- [Brief]:
Write out the data below in full, unchanged, minus the images.

- [Data excerpt]:
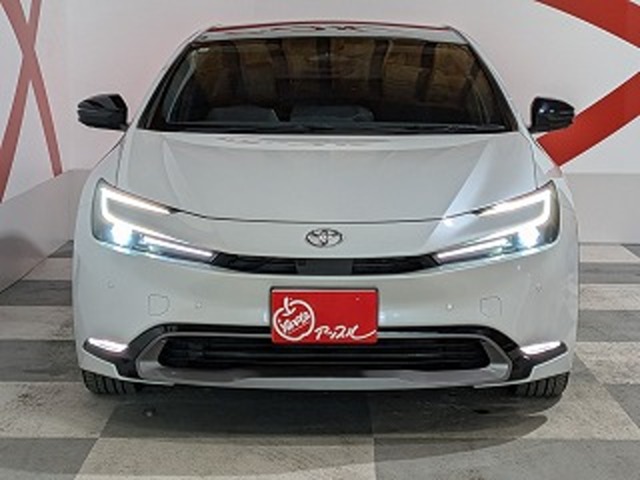 トヨタ プリウス ２．０ Ｚ Ｅ－ＦＯＵＲ ４ＷＤ R6年 (東北) 99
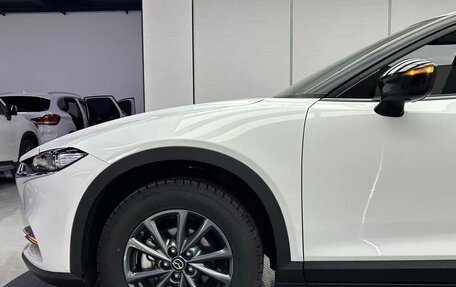 Mazda CX-4, 2023 год, 1 640 000 рублей, 5 фотография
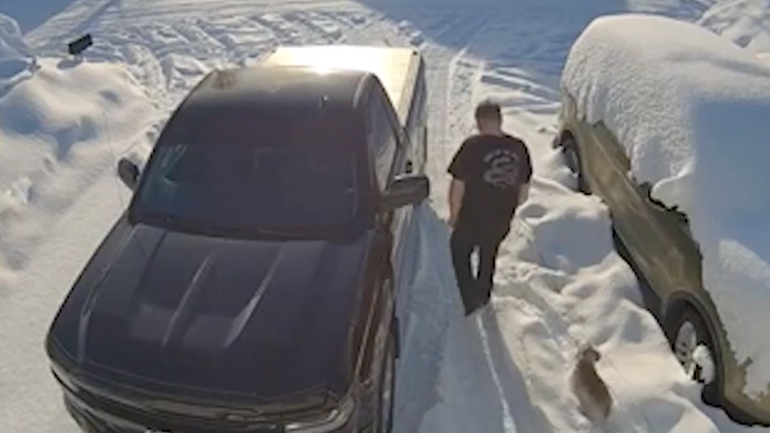 Όταν ο γείτονας δεν χαίρεται που φεύγεις από το σπίτι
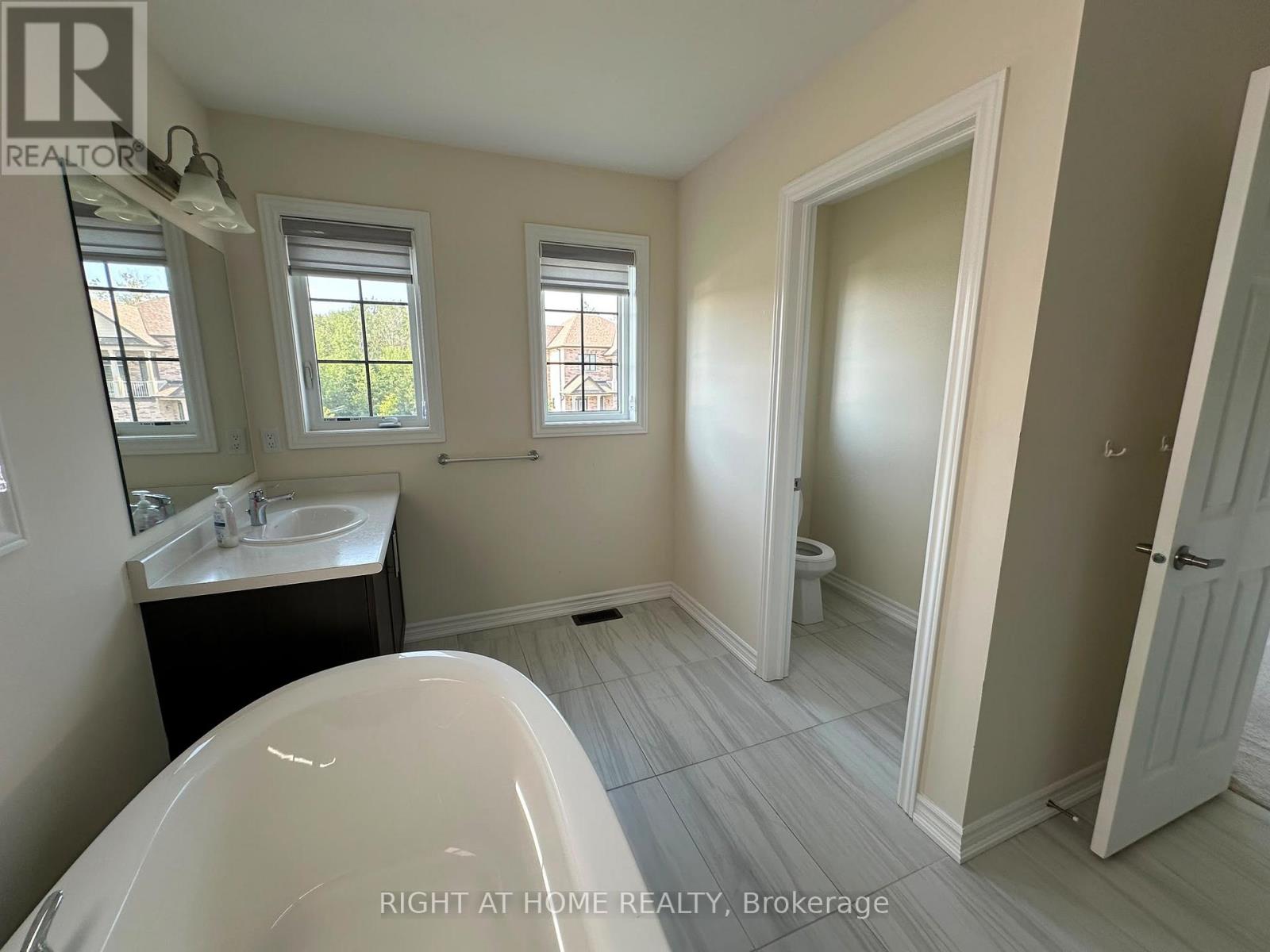 2 Bruce Cameron Drive, Clarington, Ontario  L1C 4A1 - Photo 14 - E13521888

- [Written answer]:
 トヨタ プリウス ２．０ Ｚ Ｅ－ＦＯＵＲ ４ＷＤ R6年 (東北) 99
 Mazda CX-4, 2023 год, 1 640 000 рублей, 5 фотография
 Όταν ο γείτονας δεν χαίρεται που φεύγεις από το σπίτι
 2 Bruce Cameron Drive, Clarington, Ontario  L1C 4A1 - Photo 14 - E13521888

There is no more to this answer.